The Army of the Potomac had again changed leaders, and George Gordon Meade was now its commander. Hooker, after a dispute with Halleck, resigned his leadership, and Meade, the strongest of the corps commanders, was appointed in his place, succeeding him on June 28th. The two great armies--Union and Confederate--were scattered over portions of Maryland and southern Pennsylvania. Both were marching northward, along almost parallel lines. The Confederates were gradually pressing toward the east, while the Federals were marching along a line eastward of that followed by the Confederates. The new commander of the Army of the Potomac was keeping his forces interposed between the legions of Lee and the Federal capital, and watching for an opportunity to force the Confederates to battle where the Federals would have the advantage of position. It was plain that they must soon come together in a gigantic contest; but just where the shock of battle would take place was yet unknown. Meade had ordered a general movement toward Harrisburg, and General Buford was sent with four thousand cavalry to intercept the Confederate advance guard.

On the night of June 30th Buford encamped on a low hill, a mile west of Gettysburg, and here on the following morning the famous battle had its beginning.

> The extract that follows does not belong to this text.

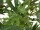 EUROPALMS Cannabis-plant,textile, 150cm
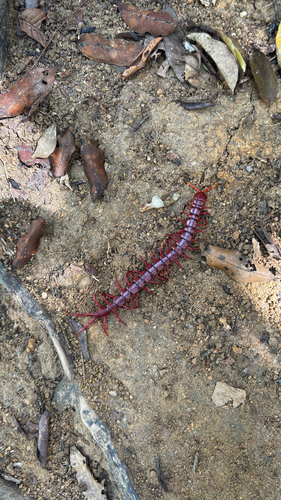 Vietnamese Centipede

On the morning of July 1st the two armies were still scattered, the extremes being forty miles apart. But General Reynolds, with two corps of the Union army, was but a few miles away, and was hastening to Gettysburg, while Longstreet and Hill were approaching from the west. Buford opened the battle against Heth's division of Hill's corps. Reynolds soon joined Buford, and three hours before noon the battle was in progress on Seminary Ridge. Reynolds rode out to his fighting-lines on the ridge, and while placing his troops, a little after ten o'clock in the morning, he received a sharpshooter's bullet in the brain. The gallant Federal leader fell dead. John F. Reynolds, who had been promoted for gallantry at Buena Vista in the Mexican War, was one of the bravest and ablest generals of the Union army. No casualty of the war brought more widespread mourning to the North than the death of Reynolds.

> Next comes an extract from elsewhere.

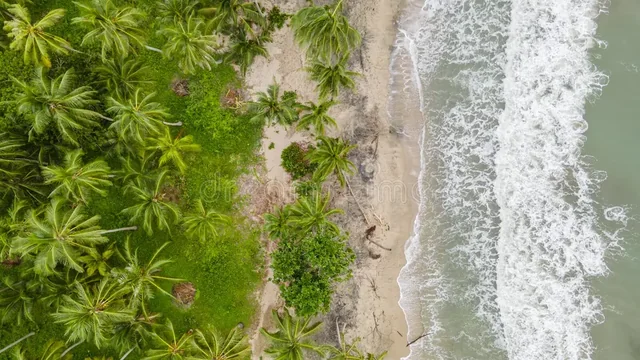 Costa y palmeras vistas desde el aire · imagen de referencia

But even this calamity could not stay the fury of the battle. By one o'clock both sides had been greatly reënforced, and the battle-line extended north of the town from Seminary Ridge to the bank of Rock Creek. Here for hours the roar of the battle was unceasing. About the middle of the afternoon a breeze lifted the smoke that had enveloped the whole battle-line in darkness, and revealed the fact that the Federals were being pressed back toward Gettysburg. General Carl Schurz, who after Reynolds' death directed the extreme right near Rock Creek, leaving nearly half of his men dead or wounded on the field, retreated toward Cemetery Hill, and in passing through the town the Confederates pursued and captured a large number of the remainder. The left wing, now unable to hold its position owing to the retreat of the right, was also forced back, and it, too, took refuge on Cemetery Hill, which had been selected by General O. O. Howard; and the first day's fight was over. It was several hours before night, and had the Southerners known of the disorganized condition of the Union troops, they might have pursued and captured a large part of the army. Meade, who was still some miles from the field, hearing of the death of Reynolds, had sent Hancock to take general command until he himself should arrive.